Bribin profile image
20 Replies

After being referred, by my GP, to a consultant haematologist in 2010. She set me down and with little preamble proceeded to tell me that I had CLL. There is no cure she said, but I was in the early stages and no treatment was needed at that time. Shocked and Relieved I took the news like a good trooper. I would be seen regularly for blood test and not to worry it could be years; if even at all, before I needed treatment.

Que Sera, Sera Whatever will be, will be The future's not ours to see Que Sera, Sera.

Before we go any further - please be aware that my warped sense of humour sometimes overtakes my usual cool and collected narrative. I do not seek to offend nor to vent scorn.

We became great friends my consultant and I, during the 5% of the times I saw her when I attended my Watch & Wait appointments (even today she calls me Mr.!). I got to know many of her registrars over the years.

However, come 2013 my W&W appointments went from 6mths to 4mths then monthly to fortnightly in Feb'14. I thought that I had an admirer in the hospital! Why else so frequent requests for attendance?

Alas, instead of a box of chocolates I was half expecting - I had a bone marrow thingie (2 of them), It was mildly uncomfortable except for the incident when the needle hit a nerve and they had to pull me back from the other side of the table to continue. THEN I was offered a course of FRC. Ha! You can keep your 'Whose a lucky boy' comments to yourself. It must be said that I have full confidence in my consultant despite her letting me down with the chocs.

Anyway today Apr 5, I am halfway through my first helping of FRC and on the 17th I get to do it all again. Yea me!!

What? Oh you want to know my opinion of the treatment. Well what an unexpected train of events that prompted!

Being a 1st time user of the R=Rituxan in the FRC I got half my dose by IV on Tuesday (the other half planned for Wed). it was applied slowly, oh soo s l o w l y, during which I was given advise about being complacent regarding side effects.

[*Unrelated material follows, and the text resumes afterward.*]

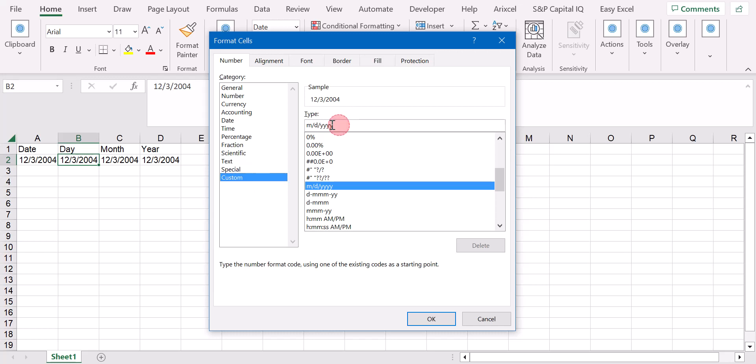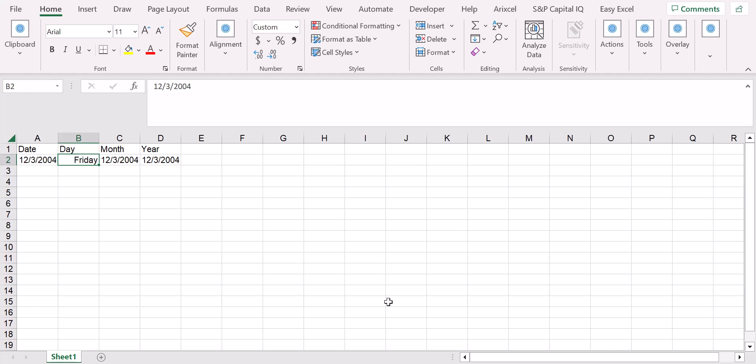As a type, we indicate the day that in Excel is indicated by dddd, so four times d, and we press OK. As you can see now, I see the day as Friday because I just modified the custom format of the cell.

I took it all in and finally was released to go home. In hind-site I may have been too literal in interpretation of the warnings. My temperature was over 38.something and I had genuine flu like symptoms. I rang the helpline. They insisted I came back to the hospital. There I got a thorough going over and in the meantime my temperature had normalised and my aches and pains were dispersing. I went home again tired and depleted of energy.

Wednesday morning whilst preparing to go and get my remaining half of R, life outside my egotistical bubble, erupted - a call to the bedside of a close relative brought things into perspective - I missed my IV that day with my consultants blessing and was fortunate to spend a few minutes with my relative before she died.

Thursday morning, as instructed, I had to start my F= Fludarabine and C=Cyclophosphamide tablets. 16 pills between them plus an assortment of other tablets. Friday and Saturday same routine. I wouldn't say I enjoyed taking them nor the 3 litres of water, but when all is said and done the worst the happened me; apart from many many trips to the toilet, was minor nausea.

On the Monday I got my R, IV. On Wednesday a follow up appointment revealed my blood numbers were normal for some test or other. There was much rejoicing and never a thought to the CTscan and the extra bits inside me that it exposed.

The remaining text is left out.